The listing below should be printed again word for word, without any images.

- _Dataset section_:

=== Section Start ===

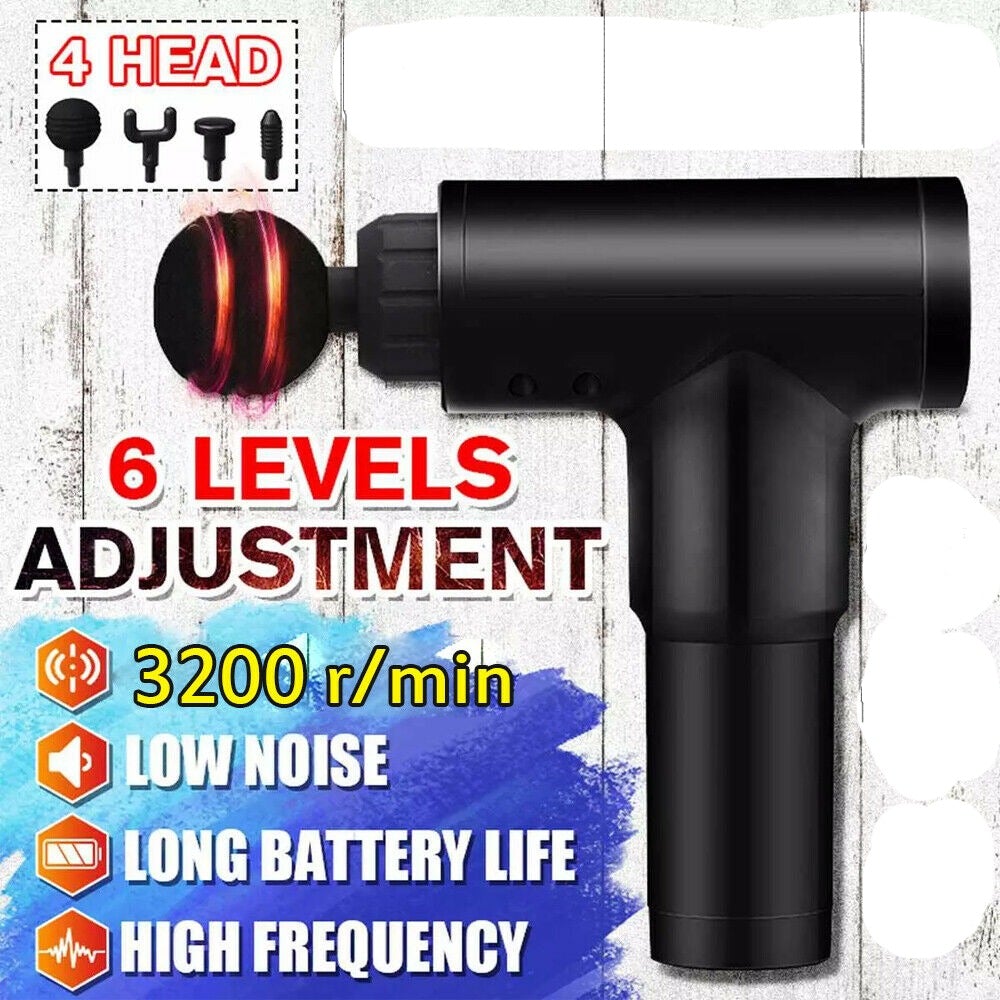 4 Heads 6 Levels Deep Percussion Massage Gun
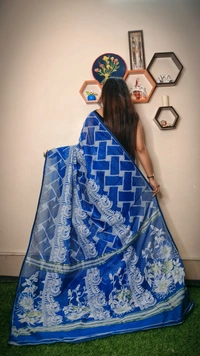 Handloom Traditional Woven Soft Jamdani - Blue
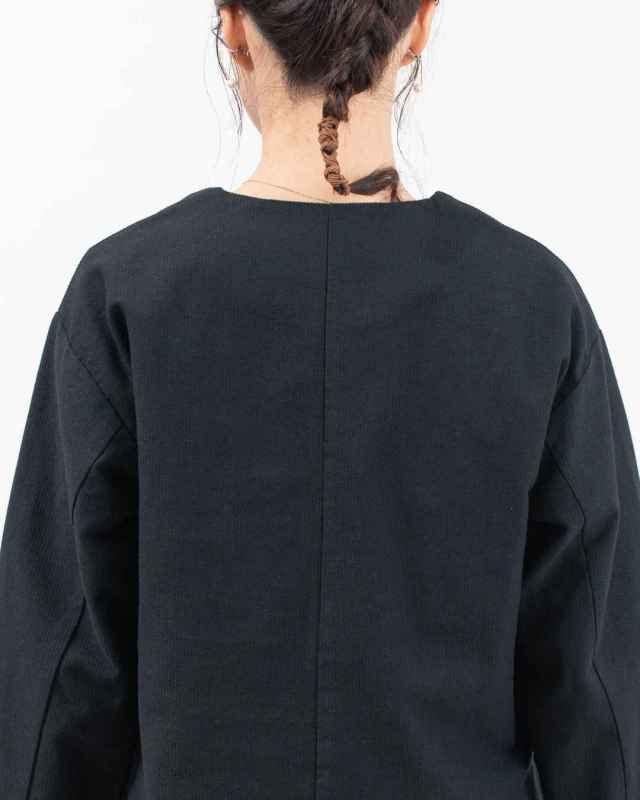 01FSP17014  blue willow コットンリネン変わり織りジャケット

=== Section End ===

- _Result of this task_:
 4 Heads 6 Levels Deep Percussion Massage Gun
 Handloom Traditional Woven Soft Jamdani - Blue
 01FSP17014  blue willow コットンリネン変わり織りジャケット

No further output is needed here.